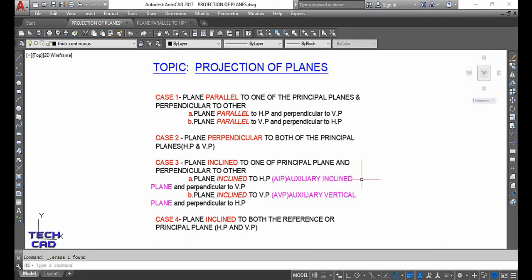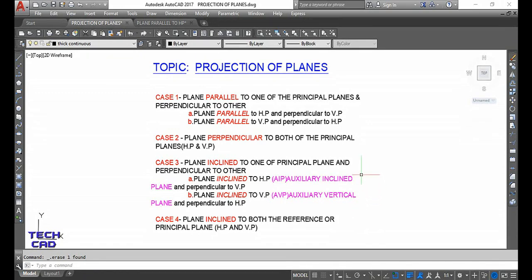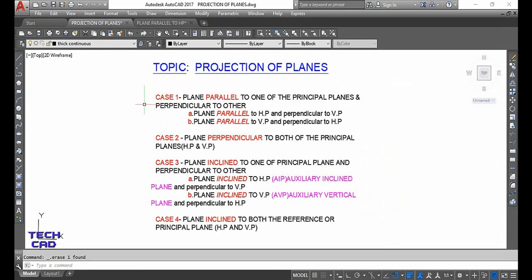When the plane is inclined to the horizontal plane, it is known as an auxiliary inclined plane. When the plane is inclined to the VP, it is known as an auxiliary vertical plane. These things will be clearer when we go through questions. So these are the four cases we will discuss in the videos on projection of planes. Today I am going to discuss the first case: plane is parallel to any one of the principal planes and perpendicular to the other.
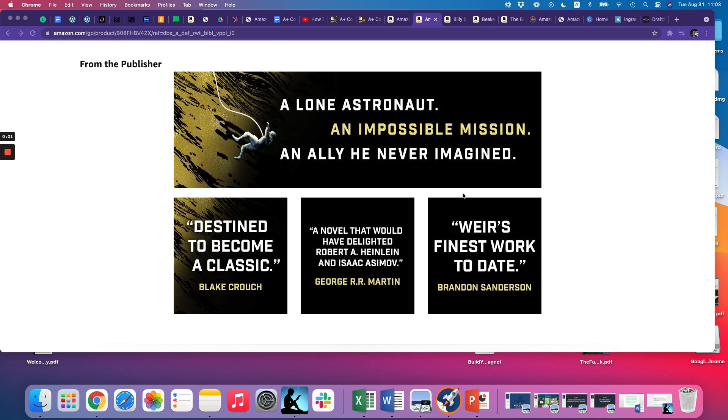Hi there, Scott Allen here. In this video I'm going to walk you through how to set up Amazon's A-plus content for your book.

········

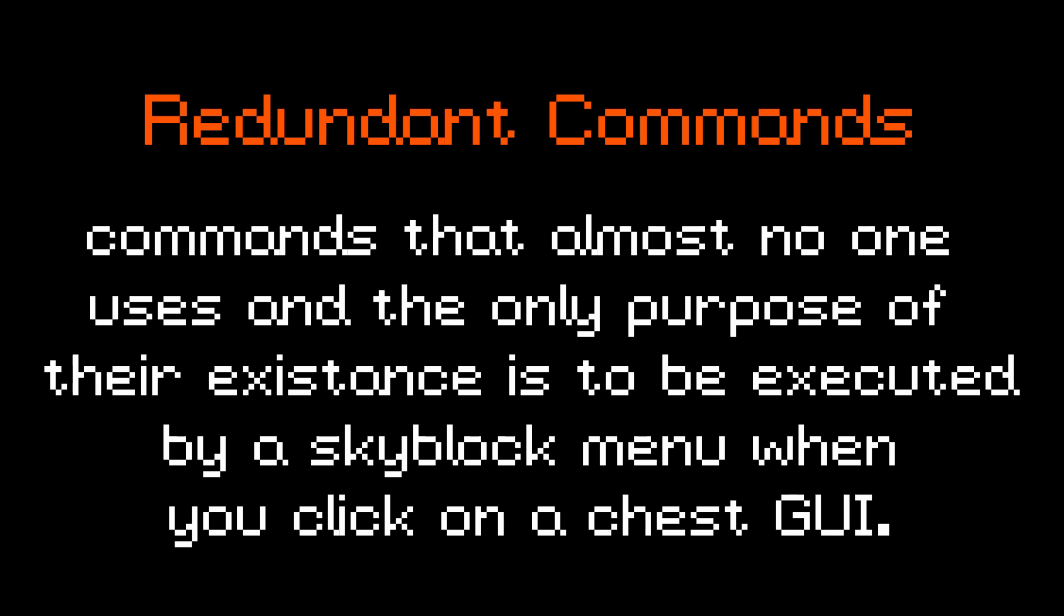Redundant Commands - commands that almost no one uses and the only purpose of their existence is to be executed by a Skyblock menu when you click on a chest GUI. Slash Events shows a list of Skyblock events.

········

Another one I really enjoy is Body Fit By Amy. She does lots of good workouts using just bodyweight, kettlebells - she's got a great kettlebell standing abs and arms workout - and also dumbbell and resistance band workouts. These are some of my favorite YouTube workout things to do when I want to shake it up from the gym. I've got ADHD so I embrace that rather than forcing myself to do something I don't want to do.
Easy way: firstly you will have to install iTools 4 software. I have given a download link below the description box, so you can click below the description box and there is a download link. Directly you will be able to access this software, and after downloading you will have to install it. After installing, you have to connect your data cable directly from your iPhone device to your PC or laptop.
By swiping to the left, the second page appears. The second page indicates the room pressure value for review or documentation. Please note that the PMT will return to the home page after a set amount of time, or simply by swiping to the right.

········

[PROBLEM TO SOLVE]: Print again the lines of the entries above that fall between the line holding "Easy way: firstly" and the line holding "By swiping to the left, the", inclusive, exactly as they stand.

[ANSWER TO THE PROBLEM]:
Easy way: firstly you will have to install iTools 4 software. I have given a download link below the description box, so you can click below the description box and there is a download link. Directly you will be able to access this software, and after downloading you will have to install it. After installing, you have to connect your data cable directly from your iPhone device to your PC or laptop.
By swiping to the left, the second page appears. The second page indicates the room pressure value for review or documentation. Please note that the PMT will return to the home page after a set amount of time, or simply by swiping to the right.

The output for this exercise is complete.